On the diamond and off, Colby was central to Carr’s success. Growing up, Carr loved baseball but never envisioned a career in baseball beyond his youthful dreams. His Colby experiences shifted his perspective.
The idea of a non-playing career in baseball began during the summer between his junior and senior years, when he interned for a minor league baseball team, the Vermont Expos, in Burlington. Soon after, he met a couple of Amherst College graduates who worked for the Montreal Expos, now the Washington Nationals.
‘When I’m at Dodger Stadium, or in our major league clubhouse, sometimes I’ll just step back, breathe, and appreciate how fortunate I am to be so connected to a sport that has occupied such a big place in my heart since I was a kid.’
Galen Carr ’97
If they could do it, why not him?
“I don’t think there was ever any kind of vision about what a potential career looked like. I was just of the mind, ‘If I have the chance to be part of the baseball industry and get paid for it, I can’t possibly imagine anything cooler than that,’” he said. “When I’m at Dodger Stadium, or in our major league clubhouse, sometimes I’ll just step back, breathe, and appreciate how fortunate I am to be so connected to a sport that has occupied such a big place in my heart since I was a kid.”
‘My favorite place in the world’
As a senior at Colby, he checked in with a couple of contacts in the industry and followed up on the advice of his parents, “who strongly suggested that reaching out to network and ask questions was a good place to start.”
After he graduated, Carr worked for one year as a humanities teaching and coaching intern at Northfield Mount Hermon, a preparatory school in western Massachusetts, then moved to Boston, where he “dabbled” in finance for another year at Salomon Smith Barney. All the while, he worked the baseball angle, reaching out to anyone in the industry who was willing to chat.
In 1999, he landed an interview with Ben Cherington, then an assistant director of player development for the Red Sox—and one of Amherst graduates he had met previously—for a front-office internship.
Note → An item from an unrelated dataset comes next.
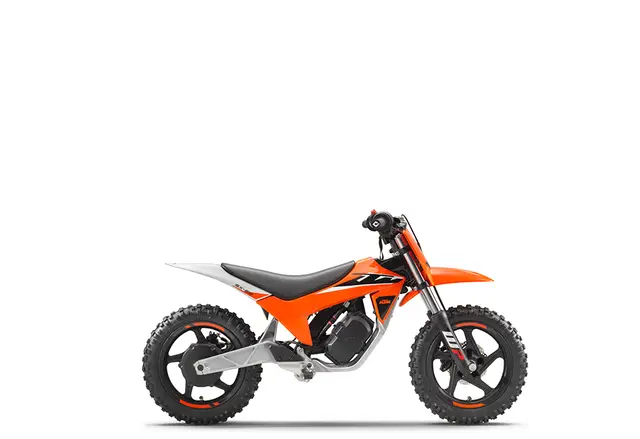 2027 KTM SX-E2
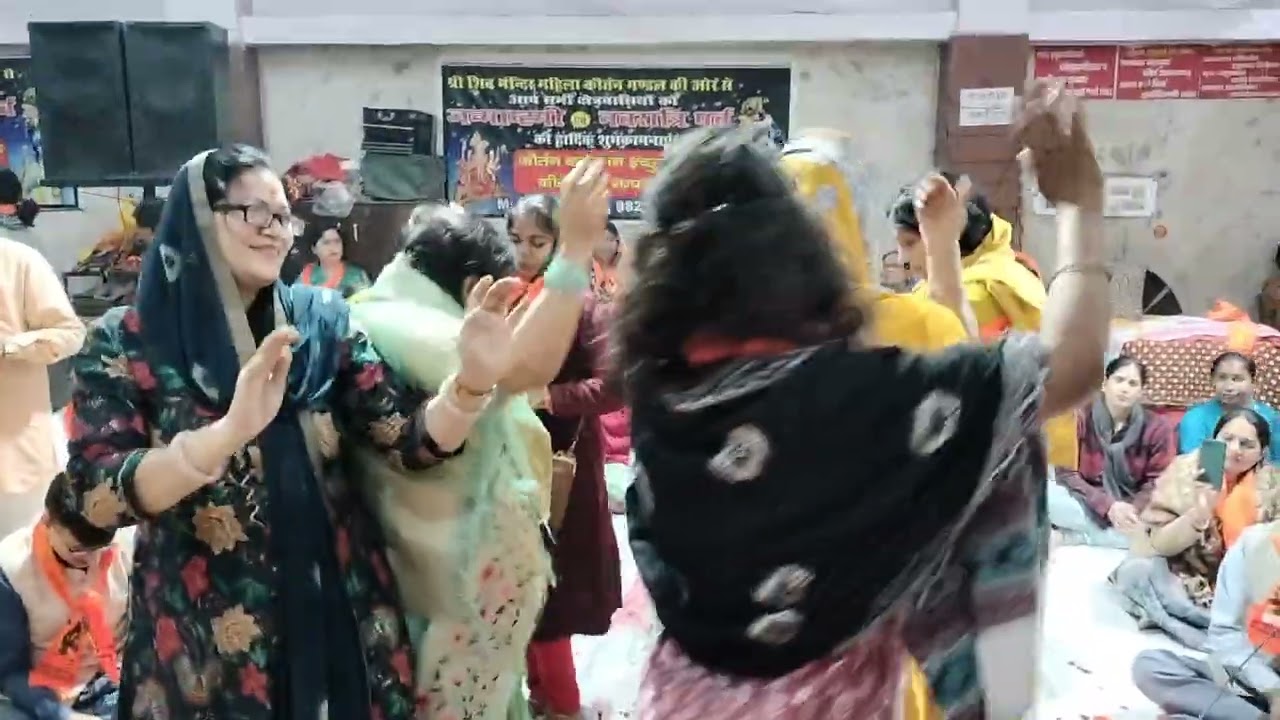 श्री सुन्दर काण्ड पाठ श्री अजय गुप्ता जी के सौजन्य से गायक श्री राजेश जांगिड जी 22/2/2026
Cherington is now general manager of the Pittsburgh Pirates.
“Walking into an empty Fenway Park, which was undoubtedly my favorite place in the world, to talk about an internship opportunity was a surreal experience,” he said.
Carr got the internship, landed a full-time job a year later, and then ascended the ranks, becoming advance scouting coordinator and a major league scout before serving as a special assignment scout. Prior to joining the Dodgers, his duties with the Red Sox involved evaluating Boston’s minor league affiliates as well as assignments in Asia and Latin America, where his international experience at Colby and his ability to speak Spanish proved helpful.
During his time with the Red Sox, he worked closely with another Colby graduate, Brian O’Halloran ’93.
If landing an interview felt surreal, working for the Red Sox was a dream come true, and being part of the front office that built the franchise’s first World Series team in 86 years in 2004 was something “I could have never imagined,” he said. The Sox won World Series titles again in 2007 and 2013.
In 2014, the Dodgers hired Carr as director of player personnel, and he became vice president of player personnel in 2019.
Carr said it was surprisingly easy to leave the franchise he grew up loving and that fueled his lifelong passion for baseball. The Dodgers seemed to want him more than the Red Sox did, and there was more opportunity for growth.
With the Dodgers, he provides input on all major and minor league player acquisitions with a current focus on the international markets. He spent his first 10 years with L.A. overseeing professional scouting, the department that assesses other teams’ major and minor league players. He regularly visits the Dodgers’ minor league teams to watch games, and continues to travel internationally across Latin America, as well as to Asia.
And occasionally back to Waterville.